ソチの天候を決めるのは、コーカサス山脈と黒海だ=Lori/Legion Media撮影

ロシアはどこへ行っても雪と氷におおわれているというのは、固定観念にすぎない。確かに夏でも寒い場所はあるが、ソチは違う。ソチの気候は亜熱帯性で、緯度はボストン(アメリカ)、トロント(カナダ)、札幌(日本)、瀋陽(中国)とほぼ同じだ。

 ソチはロシアの夏の首都と呼ばれており、ウラジーミル・プーチン大統領の夏の別荘もここにある。ただここには驚きの「自然のカクテル」があるのも事実で、高山帯と地中海性気候が、わずか50キロメートルの距離に並存する。ソチの天候を決めるのは、コーカサス山脈と黒海だ。コーカサス山脈は北と東からの冷たい風を妨げ、黒海は夏に、熱を吸収しながらゆっくりと温まり、冬に、たまった温かさを人々に与えながら冷めていく。

 

毎冬が予想外の「自然のカクテル」 

 ソチでは毎冬がサプライズだ。おしゃれな女性が新しい冬のコートを着れないほど温かい年もあれば、大雪と強風の本格的な冬が訪れる年もある。湿度が高いため、寒さは一層厳しくなる。ただソチの冬は短く、寒くなっても2~3日目には小川にはった氷がとけ、太陽が照り、鳥がさえずる。一冬にこのようなことが 何度かくり返されたりする。

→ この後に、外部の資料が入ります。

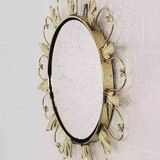 Round mirror on brass frame with scrolls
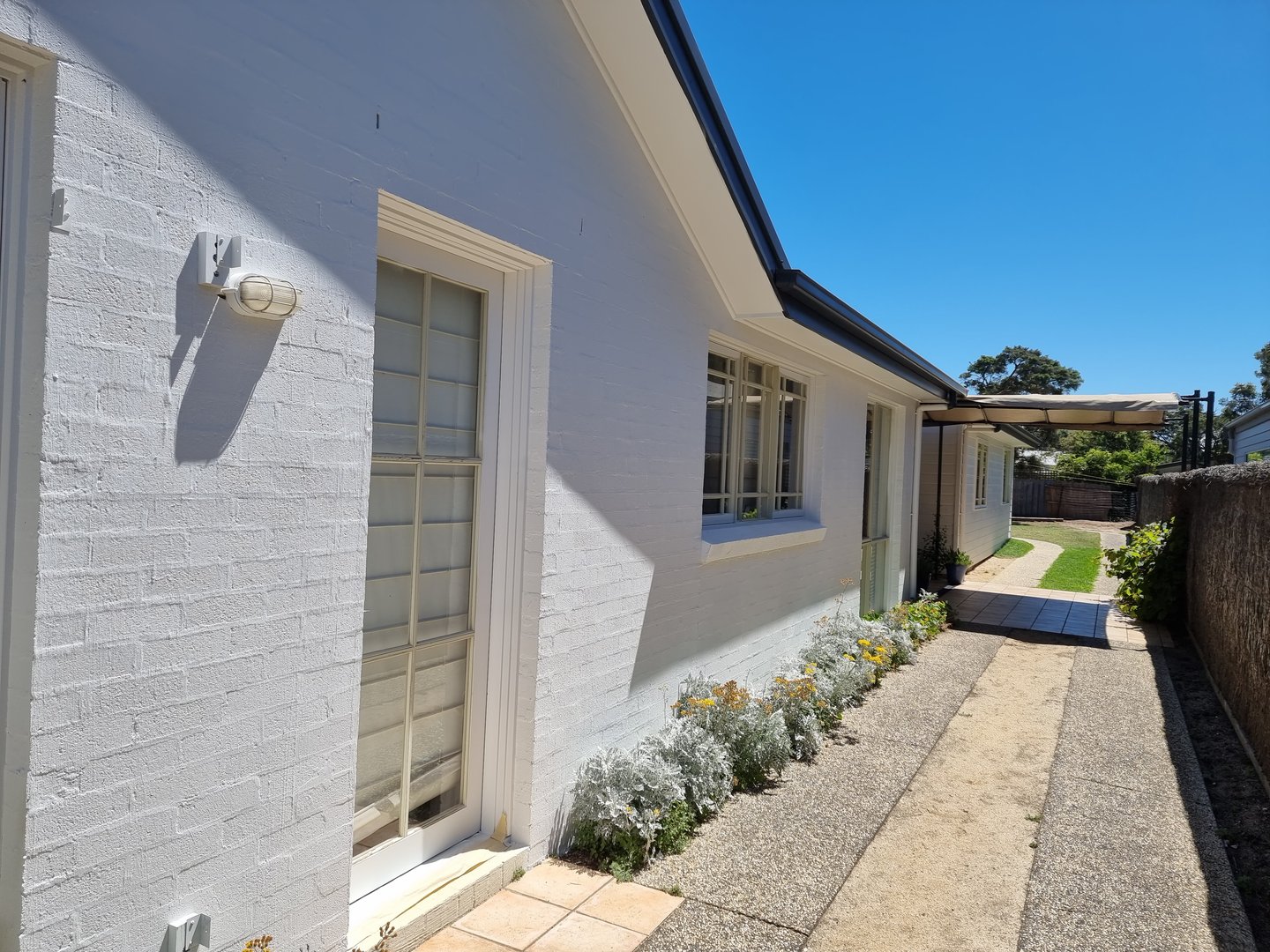 Quality Painting Group estate project progress photo showing detailed painting work in process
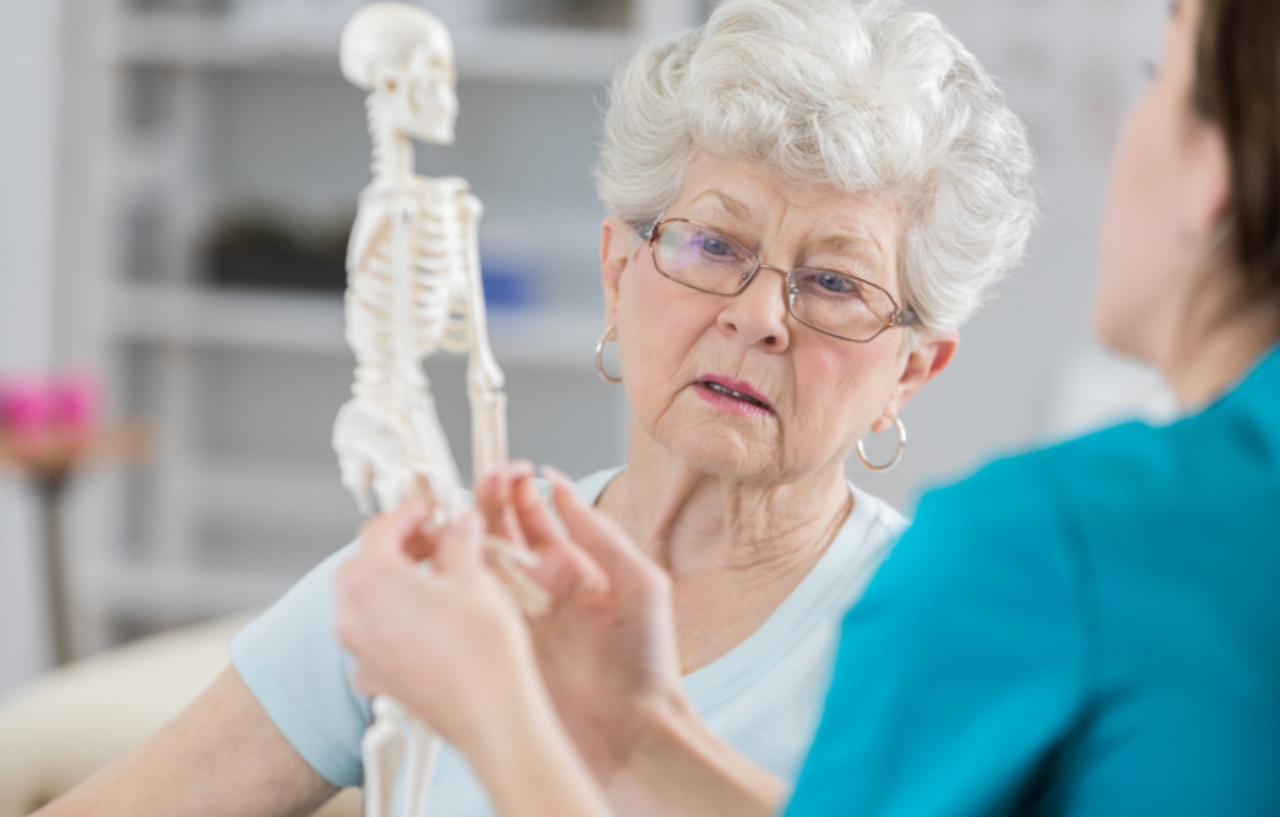 A therapist is discussing the affects of osteoporosis in posture and the reason for resulting pain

 山のふもとのクラスナヤ・ポリャナの気候はソチの街中とは異なり、スキーに最適な雪が積もる。ヨーロッパの専門家も何度かこれを認めている。

 ソチは他の亜熱帯気候の場所と同様、雨が降る。寒い時期には雨量が増え、12月にピークを迎える。また季節によって湿度も変わり、冬には70%になる。これは見ているとおもしろい。歩いていると、自分のまわりに雲があるのだ。街中の冬の平均気温は日中で6~7℃、夜は0℃ほど。クラスナヤ・ポリャナはずっと寒く、街中との気温差は10~15℃に達することもある。さて、ソチとクラスナヤ・ポリャナに行く場合のサジェスチョンは。

 

助言その1 ソチの冬は傘が必須。雪よりも雨がよく降るため。ソチで氷点下になることはめったになく、クラスナヤ・ポリャナでもマイナス10℃になるぐらいだ。したがってソチやクラスナヤ・ポリャナに来て、シベリアの極寒を体験したり、黒海で氷塊の上にいるペンギンを写真撮影したりすることは無理だ。黒海は不凍海である。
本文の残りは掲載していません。